Examines the development of folk tale from the oral form to what is known as the literary fairy tale (a tale never intended for children). Explores the global, historical and cultural origins of folk and fairy tales. Analyzes the universality of folk tales by examining the role that they play in the ethnography of diverse cultures. Traces the rise of the literary fairy tale from its origins in the oral folk tales to contemporary rewritings. Introduces diverse folk tales, literary fairy tales, critical essays, and films in order to come to a greater understanding of the complex cultural significance of folk and fairy tales.
Introduces advanced composition, reading, and interdisciplinary research skills. Reinforces the analysis and display of quantitative information, the selection of visual elements, and the creation of compelling presentations. Develops strategies for successful collaborative projects. Requires students demonstrate the research and writing competencies appropriate for senior undergraduate studies.
An inquiry into current and historical immigration trends with a geographic focus on the United States, including research and evaluation of legal frameworks and theories of why people migrate.
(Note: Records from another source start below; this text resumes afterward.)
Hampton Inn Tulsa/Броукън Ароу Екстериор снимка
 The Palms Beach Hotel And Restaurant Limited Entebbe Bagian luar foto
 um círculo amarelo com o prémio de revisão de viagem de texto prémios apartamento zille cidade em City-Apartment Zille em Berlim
Students who complete this course will have the ability to critically analyze and contribute to current conversations about immigration and will acquire marketable skills related to empirical data analysis and visualization.
Analyzes global relationships in the contemporary world stemming from interactions between civilizations that began half a millennium ago. Introduces students to selected topics which illuminate these patterns and allow us to perceive our own world more clearly.
Examines social, cultural, political, and economic changes, events, and concepts that defined and shaped the contemporary world. Particular emphasis includes height of European imperialism, First World War, rise of totalitarian regimes, Second World War, Cold War, decolonization and the rise of nation-states, genocides and civil wars, revolutions in Asia, Africa and Latin America, Middle East conflict, fall of the Soviet bloc, social and intellectual movements, scientific and technological breakthroughs, and economic globalization. Assesses the impact of these and other subjects upon today’s world.
Introduces the foundations of linguistics and language acquisition. Analyzes language in multicultural American urban settings. Critiques bilingual/bidialectal families and bilingual education; language and gender; literacy in a changing, technological society; and different dialects and registers of American English. Appraises recent and classic scholarship in linguistics, literature, and related fields. Requires reflection and analysis of personal linguistic experiences and backgrounds.
Introduces texts and media from Latin American and Caribbean cultures, including film, music, and performance. Analyzes the distinguishing features of Latin American and Caribbean Cultures through the study of cultural artifacts and issues related to history, politics, customs, and art. Requires research on selected topics.
Designed to provide students with an understanding of the mathematical ideas and methods found in the social sciences, the arts, and business, this course covers the fundamentals of statistics, scatter plots, graphics in the media, problem-solving strategies, dimensional analysis, and mathematical modeling. Students can expect to explore real world applications.
Introduces the basic principles of statistics and probability, with an emphasis on understanding the underlying concepts, real-world applications, and the underlying story that the numbers tell. Uses Microsoft Excel’s statistical functions to analyze data. Provides an introduction to probability, descriptive statistics, hypothesis testing, and inferential statistics.